First off. Ok - WHY is the ATF doing this and not the DEA? Meth isn’t A, T, F, or E.
Second - holy shit - there are thousands of people actively in the drug trade - you don’t need to trick these people to sell meth.
Get your asses into the office and start clearing those NFA forms for people.
Yes, this is terrible.
No, this isn’t entrapment. ETA it looks like there was definitely coercion here. Correcting my assertion.
Older story from TAL about an undercover officer at a school entrapping a student.
Courts might not rule it as entrapment, but it absolutely is. The informant didn’t just “provide an opportunity”, but actively persuaded the woman to commit the crime.
Makes me think of police officers in unmarked cars, who would follow not-quite-speeding cars close enough you’d feel pressured into speeding up just to get them off your tail, earning a speeding ticket.
Happens on a regular basis, not even counting the FBI and it’s knack for foiling it’s own “terrorist” plots.
Besides just the regular level of war-on-drugs evil, the emotional manipulation of vulnerable people in these cases really puts it over the top into special-level-of-hell evil.
Entrapment is a legal standard. It either is or it isn’t.
Encouragement isn’t coercion. If someone willingly commits an unlawful act, it is not entrapment. If they feel forced to commit an unlawful act by the police (or someone working as their agent) then it definitely is.
In other words, “cmon, let’s do this illegal thing” isn’t entrapment, but, “someone will kill me unless we do this illegal thing” is.
ETA and it looked like there was coercion here. I have revised my earlier statements to reflect this.
Let’s get off of the semantics: do you think that what happened to this woman was morally right? That an informant actively pushed her into breaking the law?
It’s one thing to walk up to a street dealer and say “Can I buy some crack”, and then turn that person over to the police if they sell you crack.
It’s entirely another if you call your mom and say “Mom I really really need crack can you ask on facebook in the Crack Lovers Group if anybody will sell crack to me? Please? Please? (etc. until she gives in)”.
So you’re saying you agree that it’s entrapment and coercion since the article says he claimed to be scared since he had been robbed. Glad we cleared that up.
No, and I never said it was.
That’s not entrapment, either. Private citizens can’t entrap others unless they are acting as agents of the government. And in this theoretical there’s no coercion involved.
I hear the term entrapment thrown around casually when there’s a very narrow and largely misunderstood criteria that has so be met for it to be so.
@CarlMud I didn’t fully RTFA, I admit. I’ll correct my original assertions but leave the original debate intact since it’s a fascinating bit of legalese.
ATF and the feds in general have been doing dirty shit like this for decades, and it’s only getting worse. The whole Ruby Ridge thing? They were trying to blackmail Randy Weaver into being an informant, and there are a thousand other cases much like these. Or look at Orange County’s jail house informant system, which they keep lying about to judges and defence attorneys.

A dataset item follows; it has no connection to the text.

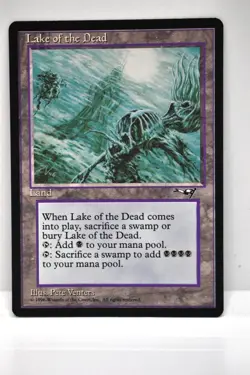 MAGIC THE GATHERING, LAKE OF THE DEAD, ALLIANCES, NM, NEVER BEEN PLAYED - Image 1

The larger issue here is that this asshole appears to be a “professional informant”, a lazy scam artist that uses drugs and people with impunity while living in the secure shadow of law enforcment officers desperate for his “valuable street-level information”. I’m not sure who’s more disgusting - this creep or the Agents who pay and protect him.
If I were her this is probably around the time I’d be considering whether I was far enough along the Kinsey scale to explore other options.
Yes the ATF and the informant are continuing to be assholes. But that’s not the issue. As it has been since the Roaring Twenties, the issue is: why the fuck are these drugs still a criminal offense rather than a medical problem?
When Trump talks about “illegals” he’s not talking about ordinary people who have been convicted of crimes. No, he’s talking about an “criminal class” who somehow have to be rooted out of society so that “law abiding” individuals can be “free” of their influence. It strikes me as Victorian.
so yeah, tricking these individuals into a life of crime is held to be defensible.